Acting in self-defense, Leahy thought. She doesn’t know it, but what that really means is, responding to my order to attack. My illegal order.

Since 1986, when the existence of the abnorms was first discovered, America had been heading toward open conflict. The gifted were simply too powerful. Though they accounted for only one percent of the population, they were explicitly better than the other 99 percent. Demigods in a world of mortals. Unchecked, they would make regular Americans obsolete—or slaves.

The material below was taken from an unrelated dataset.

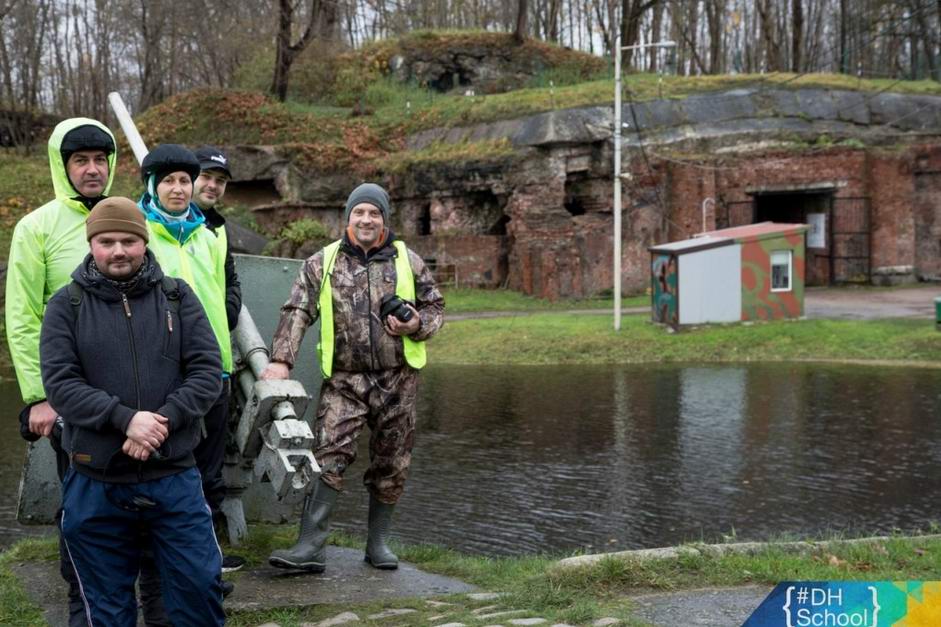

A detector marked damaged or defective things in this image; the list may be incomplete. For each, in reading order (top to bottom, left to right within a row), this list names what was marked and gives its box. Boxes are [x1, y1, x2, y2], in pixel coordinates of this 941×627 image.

rusty metal gate [828, 197, 872, 284]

Along with a few like-minded individuals, Leahy had fought to contain them. Public dissent and fear had been sowed. Special academies had been developed to reeducate the most powerful. And after John Smith planted bombs that destroyed the stock exchange and killed more than a thousand people, legislation had been passed to implant microchips in every abnorm in America. In the months leading up to the December 1st attacks, Leahy thought they had things under control. They had been so close.

But then President Walker’s role in the plan had been uncovered, and he’d been impeached and brought up on charges. Vice President Lionel Clay was a good man but too weak for the big chair; he’d only been put on the ticket for electoral math reasons. As further terrorist attacks rocked America and an abnorm splinter group known as the Children of Darwin isolated three cities, Clay had dithered and hesitated. He’d even been on the verge of allowing the New Canaan Holdfast, Erik Epstein’s abnorm enclave, to secede.

There had been no choice but to force his hand. So Leahy had ordered an attack on the NCH.

He hadn’t made the decision alone. He owed his career and allegiance to Terence Mitchum, officially the number three man at the NSA. In reality, Mitchum had been the leader of their shadow government, a clear-eyed patriot who had understood that protecting a nation required firm action. Unfortunately, Mitchum had been in the White House when the missile struck. One more casualty in a war the rest of the nation is only just acknowledging.

Leahy said, “Self-defense or no, once we’ve successfully retrograded the military to boots and bayonets, we’re going to have to invade.”

“I haven’t made that decision.”

“Madam President, the public—”

“I know that everybody wants payback. But at some point we’re committing to an ugly path. There has to be a solution besides genocide.”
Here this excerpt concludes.